Fish Culture in Paddy Field
-K. Amina Bibi
Karaikal is a small coastal enclave which was formerly part of French India. Together with the other former French territories of Pondicherry, Yanam, and Mahé, it forms the Union Territory of Puducherry. Karaikal is bounded on the North and South by Nagapattinam
district of Tamil Nadu state, on the west by Tiruvarur district (also belonging to Tamil Nadu), and on the East by the Bay of Bengal. The enclave is located 140 km south of the city of Pondicherry, 158 km east of Trichy and is known for its rich cultural heritage.
Forming part of the fertile Cauveri delta, the region is completely covered by the distributaries of Cauveri. Covered completely by a thick mantle of alluvium of variable thickness, the lie of the region is flat having a gentle slope towards the Bay of Bengal
in the east. (Source: Wikipedia)
Mr. Chandra Kumar, aged 38 is an engineer, resigned his highly paid job to do Organic Agriculture in Andoor Village of Karaikal District, Puducherry Union Territory. He wanted to take up SOMETHING DIFFERENT in Organic Farming.

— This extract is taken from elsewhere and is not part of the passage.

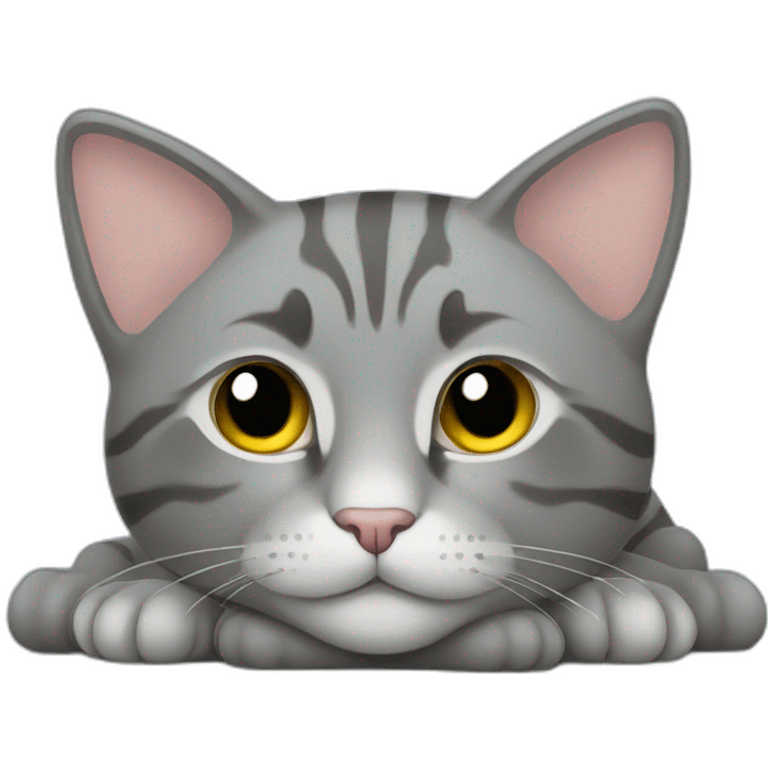 gray cat lying down emoji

A social media video on Fish Culture in Paddy field of Philippines made him sleepless and made him search more on this. After exploration on this he decided to venture his own model. He dug trench of two feet around his field and filled with canal water. He
introduced fish fingerlings from the canal; it was a mixture of traditional breed. Also he preferred to plant tradition paddy variety, Mappillai Samba, a red rice variety which can withstand standing water and do not demand chemical fertilizers. It responds
well to organic inputs and gives good yield.
“Coastal saline soil extends from the main sea coast to a few or even 50 km at places interior to the main land. The ground water table under these soils is generally present at a shallow depth and contains high amount of soluble salts. These salts accumulate
on the surface of the soil due to capillary rise of saline groundwater during dry periods of the year rendering the soil highly saline. Almost the entire area of the rain fed coastal saline soil is mono cropped in nature. The major agricultural crop of kharif
is rice, grown during monsoon period when soil salinity is low. During the rest of the year, the land usually remains fallow due to high salt content of the soil.” This is how Tamil Nadu Agricultural University (TNAU), Coimbatore details about the coastal
ecosystem.
Chandra Kumar’s trenches have helped to leach out salts from the field and get accumulate in the trenches and the salt level is not harmful to fishes. Advantageously, the fish fed on the organic inputs like farm yard manures, vermicompost, green leaf manures
have turned the water into nutrient rich solution for the paddy to grow up on par with chemicals fed agriculture. The fishes grow into half to one kg in 150 days (duration of Mappillai Samba). He harvests the fish a week before paddy harvest and it is a bonus
of double income.
Fish culture along with Paddy gives an emotional satisfaction of producing food (paddy and fish) organically. Due to this reason both paddy and fish fetch better price than others in that area. Being fully Organic, the cost of inputs are drastically reduced
for the entire cropping season, except the trench making done at the time of land preparation. Economical utilization of land is done with which he gets dual income in an agricultural season. At the cost of sincere and personal attention every day as it is
an innovation and have no other bench marks to look upon.